From: Kevin Wolf <kwolf@redhat.com>
To: yadong.qi@intel.com
Cc: fam@euphon.net, qemu-block@nongnu.org, mst@redhat.com,
luhai.chen@intel.com, qemu-devel@nongnu.org,
kai.z.wang@intel.com, hreitz@redhat.com, stefanha@redhat.com
Subject: Re: [PATCH 1/2] block:hdev: support BLKSECDISCARD
Date: Mon, 15 Nov 2021 13:40:55 +0100 [thread overview]
Message-ID: <YZJVVzott+zsoLqN@redhat.com> (raw)
In-Reply-To: <20211115045200.3567293-2-yadong.qi@intel.com>
Am 15.11.2021 um 05:51 hat yadong.qi@intel.com geschrieben:
> From: Yadong Qi <yadong.qi@intel.com>
>
> Add a new option "secdiscard" for block drive.
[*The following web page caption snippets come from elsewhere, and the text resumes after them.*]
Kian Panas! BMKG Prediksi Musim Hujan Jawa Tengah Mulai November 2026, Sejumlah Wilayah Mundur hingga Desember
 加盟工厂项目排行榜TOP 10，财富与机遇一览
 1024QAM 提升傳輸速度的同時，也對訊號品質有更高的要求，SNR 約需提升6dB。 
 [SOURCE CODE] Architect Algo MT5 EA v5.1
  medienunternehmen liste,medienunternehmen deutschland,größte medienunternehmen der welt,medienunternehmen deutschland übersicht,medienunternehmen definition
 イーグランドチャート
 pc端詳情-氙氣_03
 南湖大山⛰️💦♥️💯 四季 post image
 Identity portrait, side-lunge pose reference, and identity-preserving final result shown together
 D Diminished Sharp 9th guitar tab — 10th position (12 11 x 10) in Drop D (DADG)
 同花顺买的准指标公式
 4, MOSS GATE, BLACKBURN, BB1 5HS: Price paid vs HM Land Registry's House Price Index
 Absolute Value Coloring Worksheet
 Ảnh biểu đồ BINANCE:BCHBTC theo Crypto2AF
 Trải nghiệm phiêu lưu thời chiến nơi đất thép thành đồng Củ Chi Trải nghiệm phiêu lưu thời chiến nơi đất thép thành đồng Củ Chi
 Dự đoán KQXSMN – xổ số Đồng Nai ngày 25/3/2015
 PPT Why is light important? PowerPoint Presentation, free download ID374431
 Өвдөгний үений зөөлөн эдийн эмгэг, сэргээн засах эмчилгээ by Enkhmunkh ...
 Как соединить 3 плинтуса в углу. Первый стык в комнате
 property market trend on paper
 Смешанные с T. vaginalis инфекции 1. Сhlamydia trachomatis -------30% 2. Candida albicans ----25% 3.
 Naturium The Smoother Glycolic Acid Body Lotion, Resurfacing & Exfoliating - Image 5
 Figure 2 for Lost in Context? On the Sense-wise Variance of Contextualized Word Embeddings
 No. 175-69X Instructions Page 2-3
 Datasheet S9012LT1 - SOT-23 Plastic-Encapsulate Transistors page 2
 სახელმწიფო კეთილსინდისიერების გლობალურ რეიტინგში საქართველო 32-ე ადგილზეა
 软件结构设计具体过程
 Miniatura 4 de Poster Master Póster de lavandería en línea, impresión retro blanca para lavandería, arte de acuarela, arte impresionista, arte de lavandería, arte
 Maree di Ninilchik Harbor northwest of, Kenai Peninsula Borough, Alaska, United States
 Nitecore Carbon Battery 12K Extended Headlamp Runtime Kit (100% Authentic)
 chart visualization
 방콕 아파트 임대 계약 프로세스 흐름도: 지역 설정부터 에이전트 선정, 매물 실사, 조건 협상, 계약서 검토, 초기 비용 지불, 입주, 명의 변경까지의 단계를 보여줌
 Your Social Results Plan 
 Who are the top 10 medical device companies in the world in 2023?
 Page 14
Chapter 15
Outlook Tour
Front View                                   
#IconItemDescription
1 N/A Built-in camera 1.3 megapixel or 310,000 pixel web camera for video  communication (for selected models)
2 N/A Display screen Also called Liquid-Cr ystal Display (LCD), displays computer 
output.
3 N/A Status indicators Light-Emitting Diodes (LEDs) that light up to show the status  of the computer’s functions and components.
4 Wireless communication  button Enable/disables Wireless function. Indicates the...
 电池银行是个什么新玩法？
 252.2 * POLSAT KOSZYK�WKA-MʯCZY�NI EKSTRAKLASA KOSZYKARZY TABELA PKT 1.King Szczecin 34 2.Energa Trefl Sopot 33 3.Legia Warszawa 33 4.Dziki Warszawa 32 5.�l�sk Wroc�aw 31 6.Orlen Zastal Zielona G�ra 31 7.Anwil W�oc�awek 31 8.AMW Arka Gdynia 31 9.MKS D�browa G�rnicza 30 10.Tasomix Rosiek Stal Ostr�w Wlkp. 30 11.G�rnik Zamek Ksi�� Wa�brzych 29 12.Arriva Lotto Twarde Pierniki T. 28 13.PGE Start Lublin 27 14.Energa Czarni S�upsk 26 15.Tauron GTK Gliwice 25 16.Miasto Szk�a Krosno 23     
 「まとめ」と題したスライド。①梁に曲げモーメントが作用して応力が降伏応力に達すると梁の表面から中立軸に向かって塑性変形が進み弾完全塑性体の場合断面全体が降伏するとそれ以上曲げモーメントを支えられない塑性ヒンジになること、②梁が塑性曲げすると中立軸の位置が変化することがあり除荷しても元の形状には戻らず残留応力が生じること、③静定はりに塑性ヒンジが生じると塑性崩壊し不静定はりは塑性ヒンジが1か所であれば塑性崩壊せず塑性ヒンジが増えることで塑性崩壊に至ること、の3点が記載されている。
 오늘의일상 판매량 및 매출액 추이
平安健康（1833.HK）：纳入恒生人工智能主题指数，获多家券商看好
Parse it and
> record it in bs->open_flags as bit(BDRV_O_SECDISCARD).
>
> Add a new BDRV_REQ_SECDISCARD bit for secure discard request
> from virtual device.
>
> For host_device backend: implement by ioctl(BLKSECDISCARD) on
> real host block device.
> For other backend, no implementation.
>
> E.g.:
> qemu-system-x86_64 \
> ... \
> -drive file=/dev/mmcblk0p2,if=none,format=raw,discard=on,secdiscard=on,id=sd0 \
> -device virtio-blk-pci,drive=sd0,id=sd0_vblk \
> ...
>
> Signed-off-by: Yadong Qi <yadong.qi@intel.com>
> ---
> block.c | 46 +++++++++++++++++++++++++++++
> block/blkdebug.c | 5 ++--
> block/blklogwrites.c | 6 ++--
> block/blkreplay.c | 5 ++--
> block/block-backend.c | 15 ++++++----
> block/copy-before-write.c | 5 ++--
> block/copy-on-read.c | 5 ++--
> block/coroutines.h | 6 ++--
> block/file-posix.c | 50 ++++++++++++++++++++++++++++----
> block/filter-compress.c | 5 ++--
> block/io.c | 5 ++--
> block/mirror.c | 5 ++--
> block/nbd.c | 3 +-
> block/nvme.c | 3 +-
> block/preallocate.c | 5 ++--
> block/qcow2-refcount.c | 4 +--
> block/qcow2.c | 3 +-
> block/raw-format.c | 5 ++--
> block/throttle.c | 5 ++--
> hw/block/virtio-blk.c | 2 +-
> hw/ide/core.c | 1 +
> hw/nvme/ctrl.c | 3 +-
> hw/scsi/scsi-disk.c | 2 +-
> include/block/block.h | 13 +++++++--
> include/block/block_int.h | 2 +-
> include/block/raw-aio.h | 4 ++-
> include/sysemu/block-backend.h | 1 +
> tests/unit/test-block-iothread.c | 9 +++---
> 28 files changed, 171 insertions(+), 52 deletions(-)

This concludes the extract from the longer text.